# Warre Hive Questions



## Beethinking (Jun 2, 2008)

RJ,

1) Brood in just about any hive will be near the entrance with honey stores away from the entrance. Whether you add boxes to the top or bottom, stores will be at the top. In a Langstroth you top super only, keeping the brood relatively stationary. In a Warre hive you add boxes below, and as they build comb downward they move the brood nest down, and keep filling the top with honey stores. At the end of the season your surplus honey will be at the top. I would never use a queen excluder in any hive. You can top super Warre hives, but you'll want some comes in the supers to give them a "ladder." Otherwise they'll build the combs upward from the top of the bars below, leading to horrible cross comb. 

I've got about 15 Warre hives and I find they are very easy to bottom super. I'll lift a couple boxes off at a time if it's a tall hive, add the new boxes below and but it back together. It takes little time.

2) You could also make frames for your Warre. What it sounds like you've done is created 8 frame Langstroth boxes, which is fine, but it isn't really a Warre hive. Box size/cavity size was an important part of Warre's philosophy.

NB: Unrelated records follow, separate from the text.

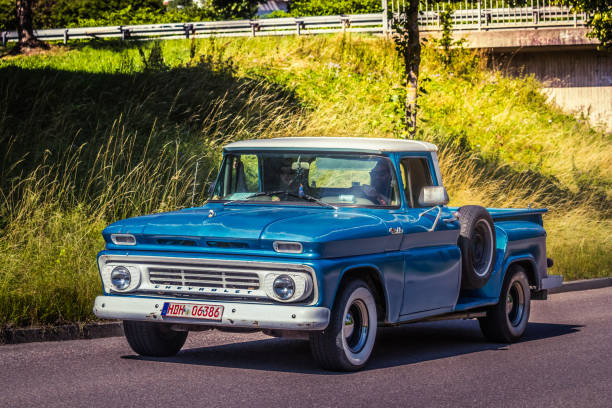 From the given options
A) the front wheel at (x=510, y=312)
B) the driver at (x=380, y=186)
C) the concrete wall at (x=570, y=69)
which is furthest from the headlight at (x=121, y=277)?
the concrete wall at (x=570, y=69)

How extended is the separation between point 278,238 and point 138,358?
202cm

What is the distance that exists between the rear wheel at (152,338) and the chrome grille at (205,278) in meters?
0.58

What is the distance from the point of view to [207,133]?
19.3m

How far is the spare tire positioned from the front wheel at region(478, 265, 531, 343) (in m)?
0.68

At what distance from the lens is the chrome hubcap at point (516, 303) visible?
1071 cm

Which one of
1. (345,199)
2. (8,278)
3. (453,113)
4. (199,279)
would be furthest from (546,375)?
(453,113)

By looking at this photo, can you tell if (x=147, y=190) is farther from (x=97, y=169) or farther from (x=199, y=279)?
(x=199, y=279)

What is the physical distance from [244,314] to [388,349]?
Answer: 2.60m

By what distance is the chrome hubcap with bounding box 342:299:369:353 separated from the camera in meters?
8.11

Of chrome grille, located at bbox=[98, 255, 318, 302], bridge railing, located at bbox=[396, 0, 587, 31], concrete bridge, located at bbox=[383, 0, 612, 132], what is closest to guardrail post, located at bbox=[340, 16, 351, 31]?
concrete bridge, located at bbox=[383, 0, 612, 132]

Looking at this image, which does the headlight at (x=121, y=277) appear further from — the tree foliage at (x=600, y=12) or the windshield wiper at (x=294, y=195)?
the tree foliage at (x=600, y=12)

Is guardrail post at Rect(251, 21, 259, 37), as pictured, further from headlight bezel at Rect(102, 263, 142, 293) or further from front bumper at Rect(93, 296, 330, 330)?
front bumper at Rect(93, 296, 330, 330)

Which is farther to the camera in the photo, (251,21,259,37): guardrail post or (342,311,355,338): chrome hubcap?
(251,21,259,37): guardrail post

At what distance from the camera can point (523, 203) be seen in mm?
21188
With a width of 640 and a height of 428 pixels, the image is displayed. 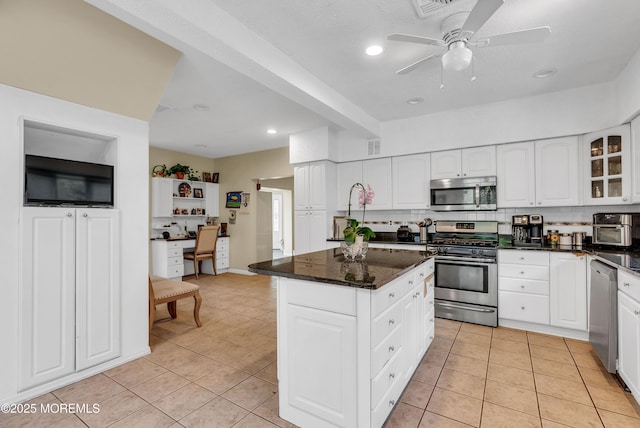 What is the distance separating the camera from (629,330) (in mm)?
2066

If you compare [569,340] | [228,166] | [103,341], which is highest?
[228,166]

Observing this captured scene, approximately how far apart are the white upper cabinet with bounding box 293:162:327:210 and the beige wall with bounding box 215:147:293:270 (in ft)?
3.45

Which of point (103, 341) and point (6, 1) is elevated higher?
point (6, 1)

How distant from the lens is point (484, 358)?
2.75m

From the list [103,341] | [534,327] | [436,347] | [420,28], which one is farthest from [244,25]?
[534,327]

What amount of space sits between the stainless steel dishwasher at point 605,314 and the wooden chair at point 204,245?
573 cm

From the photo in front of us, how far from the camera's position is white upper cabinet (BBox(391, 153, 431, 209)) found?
14.4 ft

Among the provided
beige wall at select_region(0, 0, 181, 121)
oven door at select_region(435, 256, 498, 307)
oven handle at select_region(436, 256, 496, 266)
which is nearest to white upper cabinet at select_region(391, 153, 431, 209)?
oven handle at select_region(436, 256, 496, 266)

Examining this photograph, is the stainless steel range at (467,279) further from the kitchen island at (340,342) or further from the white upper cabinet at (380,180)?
the kitchen island at (340,342)

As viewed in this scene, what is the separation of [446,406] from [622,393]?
52.1 inches

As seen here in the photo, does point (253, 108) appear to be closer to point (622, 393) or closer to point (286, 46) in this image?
point (286, 46)

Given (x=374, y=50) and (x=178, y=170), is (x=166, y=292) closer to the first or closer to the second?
(x=374, y=50)

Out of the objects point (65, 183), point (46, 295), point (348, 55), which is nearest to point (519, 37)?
point (348, 55)

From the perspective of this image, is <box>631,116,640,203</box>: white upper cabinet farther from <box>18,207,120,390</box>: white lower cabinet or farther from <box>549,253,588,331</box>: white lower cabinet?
<box>18,207,120,390</box>: white lower cabinet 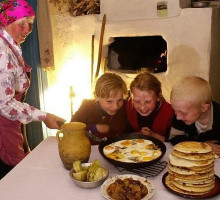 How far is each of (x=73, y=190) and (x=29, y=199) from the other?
0.19 m

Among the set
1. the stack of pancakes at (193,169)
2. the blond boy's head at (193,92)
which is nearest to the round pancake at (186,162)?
the stack of pancakes at (193,169)

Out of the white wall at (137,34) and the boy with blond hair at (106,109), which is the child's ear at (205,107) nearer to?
the boy with blond hair at (106,109)

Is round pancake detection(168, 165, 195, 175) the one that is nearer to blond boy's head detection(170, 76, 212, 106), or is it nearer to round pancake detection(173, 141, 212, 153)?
round pancake detection(173, 141, 212, 153)

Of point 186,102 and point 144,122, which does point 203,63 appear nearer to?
point 144,122

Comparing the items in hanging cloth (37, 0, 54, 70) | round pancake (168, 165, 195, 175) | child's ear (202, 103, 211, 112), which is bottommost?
round pancake (168, 165, 195, 175)

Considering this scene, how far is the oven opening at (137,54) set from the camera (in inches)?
143

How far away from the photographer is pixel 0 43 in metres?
1.99

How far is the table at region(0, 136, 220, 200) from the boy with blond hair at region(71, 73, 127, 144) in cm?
49

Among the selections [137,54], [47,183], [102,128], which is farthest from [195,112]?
[137,54]

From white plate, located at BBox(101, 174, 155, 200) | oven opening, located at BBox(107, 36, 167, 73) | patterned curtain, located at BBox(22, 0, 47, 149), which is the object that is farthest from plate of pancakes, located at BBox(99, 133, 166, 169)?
oven opening, located at BBox(107, 36, 167, 73)

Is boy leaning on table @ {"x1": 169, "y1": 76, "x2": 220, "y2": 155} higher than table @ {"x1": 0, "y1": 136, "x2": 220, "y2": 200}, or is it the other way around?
boy leaning on table @ {"x1": 169, "y1": 76, "x2": 220, "y2": 155}

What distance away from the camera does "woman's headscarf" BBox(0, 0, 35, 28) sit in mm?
2051

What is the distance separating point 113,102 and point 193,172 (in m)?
1.00

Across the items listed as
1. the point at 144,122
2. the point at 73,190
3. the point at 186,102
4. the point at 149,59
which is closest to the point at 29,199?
the point at 73,190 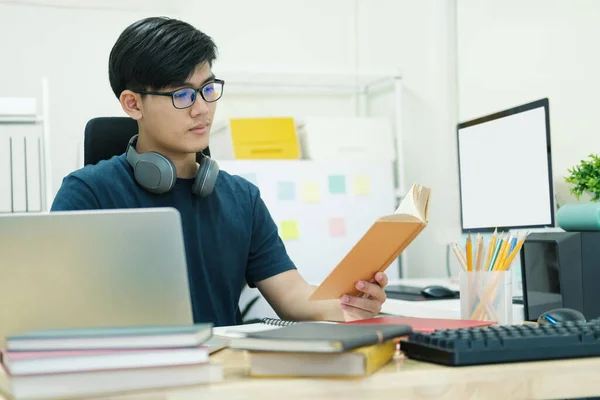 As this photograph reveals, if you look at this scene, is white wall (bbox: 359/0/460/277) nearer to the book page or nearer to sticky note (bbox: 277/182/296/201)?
sticky note (bbox: 277/182/296/201)

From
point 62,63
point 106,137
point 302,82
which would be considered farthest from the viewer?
point 302,82

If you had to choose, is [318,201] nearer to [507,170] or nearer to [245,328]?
[507,170]

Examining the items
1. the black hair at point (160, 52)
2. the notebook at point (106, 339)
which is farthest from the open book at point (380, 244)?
the black hair at point (160, 52)

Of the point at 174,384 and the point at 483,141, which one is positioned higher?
the point at 483,141

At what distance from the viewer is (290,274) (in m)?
1.64

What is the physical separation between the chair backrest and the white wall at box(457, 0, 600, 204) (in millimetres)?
1188

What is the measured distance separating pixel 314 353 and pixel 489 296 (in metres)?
0.48

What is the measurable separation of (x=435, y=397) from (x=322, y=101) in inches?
119

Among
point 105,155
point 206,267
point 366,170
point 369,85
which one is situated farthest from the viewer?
point 369,85

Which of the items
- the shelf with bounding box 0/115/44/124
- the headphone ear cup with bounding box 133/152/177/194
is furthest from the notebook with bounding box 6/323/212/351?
the shelf with bounding box 0/115/44/124

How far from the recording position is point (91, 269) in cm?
86

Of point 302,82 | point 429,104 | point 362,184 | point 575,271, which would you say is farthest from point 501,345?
point 302,82

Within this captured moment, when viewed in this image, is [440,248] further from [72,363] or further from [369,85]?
[72,363]

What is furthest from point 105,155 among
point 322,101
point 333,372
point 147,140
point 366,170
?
point 322,101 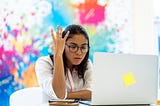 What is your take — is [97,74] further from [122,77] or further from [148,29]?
[148,29]

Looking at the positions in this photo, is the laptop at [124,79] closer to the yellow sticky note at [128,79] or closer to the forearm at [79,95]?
the yellow sticky note at [128,79]

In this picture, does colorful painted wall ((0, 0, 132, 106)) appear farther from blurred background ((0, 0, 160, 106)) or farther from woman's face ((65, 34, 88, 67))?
woman's face ((65, 34, 88, 67))

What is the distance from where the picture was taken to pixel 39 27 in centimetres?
276

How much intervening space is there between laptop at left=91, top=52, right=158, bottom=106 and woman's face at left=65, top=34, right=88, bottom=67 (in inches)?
19.7

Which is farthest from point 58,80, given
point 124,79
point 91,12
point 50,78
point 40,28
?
point 91,12

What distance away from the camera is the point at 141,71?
158 cm

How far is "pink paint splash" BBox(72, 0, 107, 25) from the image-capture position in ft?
9.62

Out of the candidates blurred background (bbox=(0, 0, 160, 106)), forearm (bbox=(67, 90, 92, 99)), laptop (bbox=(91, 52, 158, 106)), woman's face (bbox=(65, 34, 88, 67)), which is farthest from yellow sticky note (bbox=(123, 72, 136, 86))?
blurred background (bbox=(0, 0, 160, 106))

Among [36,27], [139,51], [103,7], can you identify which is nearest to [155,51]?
[139,51]

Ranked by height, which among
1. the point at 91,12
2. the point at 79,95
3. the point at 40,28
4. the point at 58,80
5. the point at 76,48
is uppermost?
the point at 91,12

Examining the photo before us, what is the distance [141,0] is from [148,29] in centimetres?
36

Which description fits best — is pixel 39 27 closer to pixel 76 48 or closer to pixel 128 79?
pixel 76 48

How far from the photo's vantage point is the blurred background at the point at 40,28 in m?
2.62

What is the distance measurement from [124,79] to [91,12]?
Result: 159 centimetres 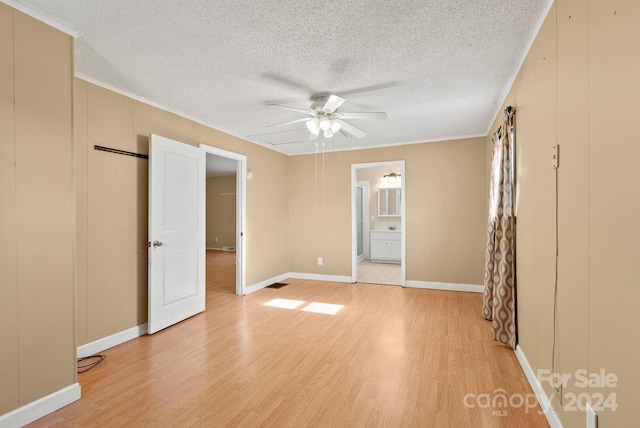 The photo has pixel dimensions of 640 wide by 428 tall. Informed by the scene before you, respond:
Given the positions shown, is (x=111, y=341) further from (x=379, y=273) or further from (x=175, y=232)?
(x=379, y=273)

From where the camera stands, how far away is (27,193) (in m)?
1.89

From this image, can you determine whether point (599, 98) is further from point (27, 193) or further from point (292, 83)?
point (27, 193)

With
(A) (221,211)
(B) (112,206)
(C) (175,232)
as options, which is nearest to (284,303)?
(C) (175,232)

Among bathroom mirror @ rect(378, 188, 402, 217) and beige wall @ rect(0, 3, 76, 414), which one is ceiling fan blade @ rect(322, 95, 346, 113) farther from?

You can find answers to a lot of these questions here: http://warre.biobees.com

Cheers,
Matt


----------



## RJ9002 (Sep 16, 2011)

Matt,

Thanks for the response. The fact that I didn't know was that the bees will physically move the brood down as they grow. See.. Learning already. Think I will try supering from the top, but another question.

In order to provide the "ladder" to get to the upper level, can I pull a bar from the lower level and replace with an empty bar and then place the full bar in the upper empty level?

As far as the modification.. I understand that the original intent of the warre was to be suatainable and maintainable, but my goal was to make pieces interchangeable between to different types, so my version is a little larger than normal and hence heavier when full.

15 Warres?? Where do you keep them all? I have a very small backyard so I have been comtemplating approaching the local nurseries to see if they want some bees.

RJ


----------



## DonShackelford (Jan 17, 2012)

I'm planning to incorporate some virtues of Warre into a few Langs this year. I'm just returning to beekeeping, As a small timer, I see my market as chunk comb honey. As such, running 2 standard broods, a queen excluder, and a top bar super over it (with one honey comb moved up to center from below).
Even if the bees make a mess of the topbar super, I can just lift it off with excluder and cut it out. This seems to me to be the most economical way to produce comb honey. I started beekeeping as a kid because I loved chunk comb honey. Still do! 
Anyone doing this now?


----------



## Bush_84 (Jan 9, 2011)

Well I plan on supering my Warre this year. So I will be doing this, but with a Warre hive.


----------



## DonShackelford (Jan 17, 2012)

I understand in a Warre hive setup, the honeycomb you eat this year was the brood comb last year. Seems like that would ruin the taste and quality of comb honey. Has this been your experience?


----------



## Bush_84 (Jan 9, 2011)

From what I understand it doesn't, but last year was my first year in beekeeping. So far the hive I do have are still surviving, but I didn't get any honey from any of my hives. It was a bad beekeeping year. So I can't talk from experience on that one.


----------



## Beethinking (Jun 2, 2008)

Don,

I've harvested hundreds of pounds of honey from my Warres the last couple years and I've seen no difference in the taste or color of the honey. It's almost exclusively what we sell in our store here in Portland.

Best,
Matt


----------